The defendant contends that the trial court failed to adequately instruct the jury on the issue of criminal intent. Since counsel made no objections to the instructions of the trial court, the error, if any, must be jurisdictional to be reviewable. Section 21--2--1(20), N.M.S.A. 1953 (Repl. Vol. 4). The failure to instruct on an essential element of the crime is jurisdictional. State v. Gunzelman, 85 N.M. 295, 512 P.2d 55 (1973); State v. Walsh, 81 N.M. 65, 463 P.2d 41 (Ct.App.1969).

Criminal intent is an essential element of § 54--11--22(A)(1), supra. See State v. Fuentes, 85 N.M. 274, 511 P.2d 760 (Ct.App.1973). It is likewise an essential element of § 54--11--20(B), supra. Cf. State v. Giddings, 67 N.M. 87, 352 P.2d 1003 (1960); State v. Pedro, 83 N.M. 212, 490 P.2d 470 (Ct.App.1971).

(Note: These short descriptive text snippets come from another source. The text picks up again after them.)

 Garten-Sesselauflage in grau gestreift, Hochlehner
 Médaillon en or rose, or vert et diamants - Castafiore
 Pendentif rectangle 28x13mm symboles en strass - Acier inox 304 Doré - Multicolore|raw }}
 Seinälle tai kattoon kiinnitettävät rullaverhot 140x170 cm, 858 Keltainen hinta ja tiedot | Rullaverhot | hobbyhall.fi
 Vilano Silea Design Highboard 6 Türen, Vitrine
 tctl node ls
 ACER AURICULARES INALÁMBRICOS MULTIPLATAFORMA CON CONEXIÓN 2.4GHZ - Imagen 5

Jurisdictional error for failure to instruct upon criminal intent can be avoided in two ways. The first method is to define criminal intent in terms of 'conscious wrongdoing' or its equivalent. State v. Lopez, 84 N.M. 453, 504 P.2d 1086 (Ct.App.1972); State v. Bachicha, 84 N.M. 397, 503 P.2d 1175 (Ct.App.1972); State v. Pedro, supra; State v. Austin, 80 N.M. 748, 461 P.2d 230 (Ct.App.1969). The second method is to instruct the jury substantially in terms of the statute if it defines the requisite intent. State v. Gunzelman, supra; State v. Maestas, 63 N.M. 67, 313 P.2d 337 (1957); State v. Jones, 85 N.M. 426, 512 P.2d 1262 (Ct.App.1973); State v. Puga, 85 N.M. 204, 510 P.2d 1075 (Ct.App.1973); State v. Baca, 85 N.M. 55, 508 P.2d 1352 (Ct.App.1973); State v. Lopez,80 N.M. 599, 458 P.2d 851 (Ct.App.1969), cert. denied, 398 U.S. 942, 90 S.Ct. 1860, 26 L.Ed.2d 279 (1970). We feel that either of these methods is simple enough to employ. Therefore, we reject the State's contention that the mere mention of 'intent' somewhere in the instructions is sufficient of avoid jurisdictional error. Acceptance of this contention would amount to a departure from our prior decisions, which we explicitly refused to do in State v. Fuentes, supra.

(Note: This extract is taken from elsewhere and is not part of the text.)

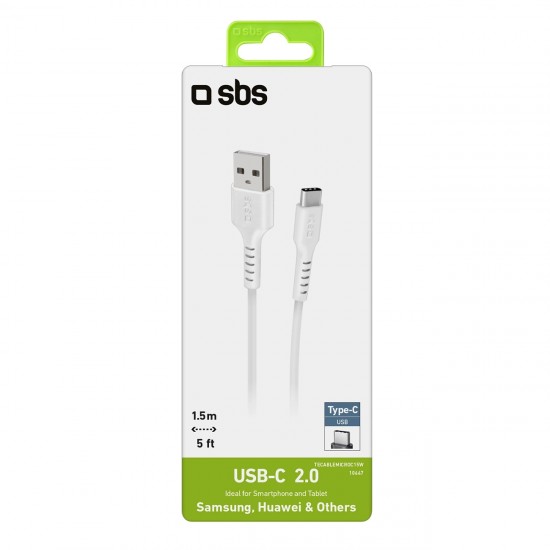 SBS TECABLEMICROC15W USB-A - USB-C Cable 1.5m - White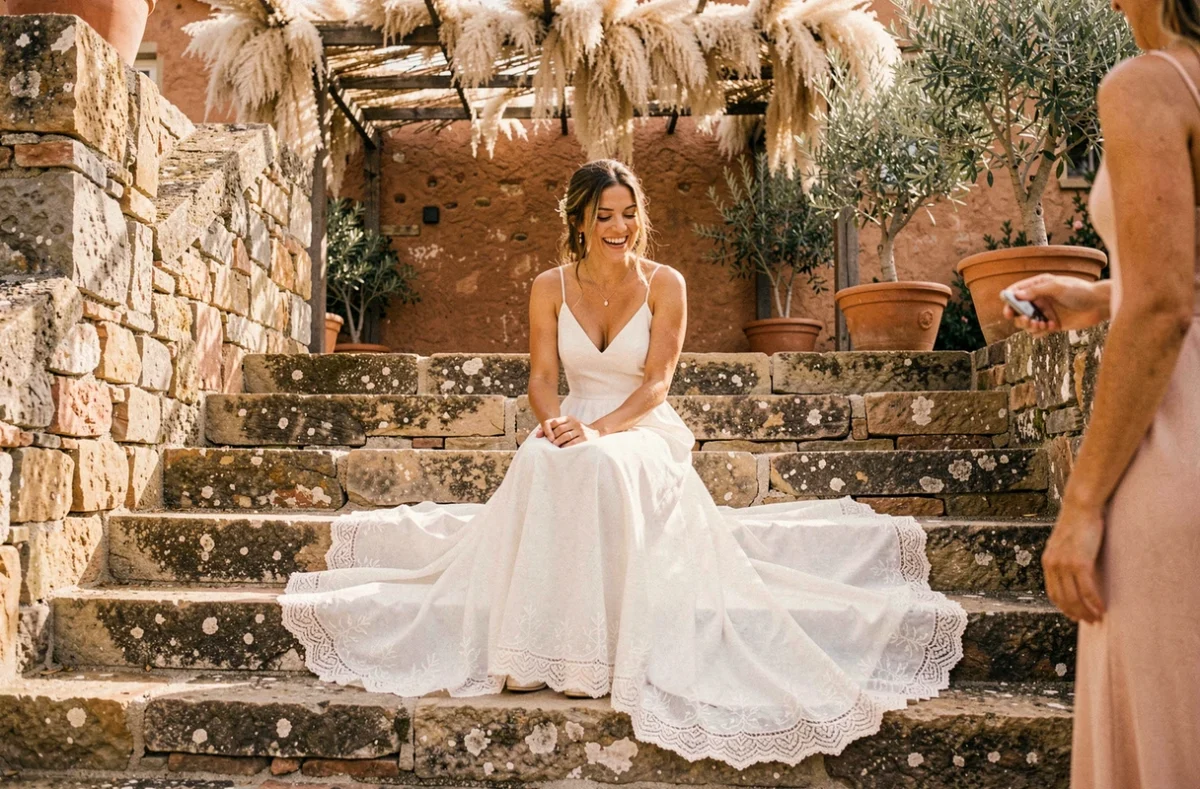 Mariée en robe bohème blanche broderie anglaise assise sur un escalier en pierre rustique avec décor champêtre en Provence, ambiance naturelle et décontractée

The trial court, although mentioning 'intent' in an entrapment instruction, did not define it in terms of conscious wrongdoing. In State v. Austin, supra, we held sufficient an instruction indicating that the defendant must 'knowingly' and 'feloniously' commit an act before conviction. Here the trial court's instructions referred to the 'unlawful' sale or distribution of a controlled substance, as the indictment charged. But nowhere did the instructions state, as did the trial court in Austin, that the jury must find that the act was done, '* * * wrongfully and against the law. * * *' The trial court here did not even mention the fact that the offense must be knowingly committed. We hold, therefore, that the trial court did not instruct on intent in terms of conscious wrongdoing or equivalent language. See State v. Bachicha, supra.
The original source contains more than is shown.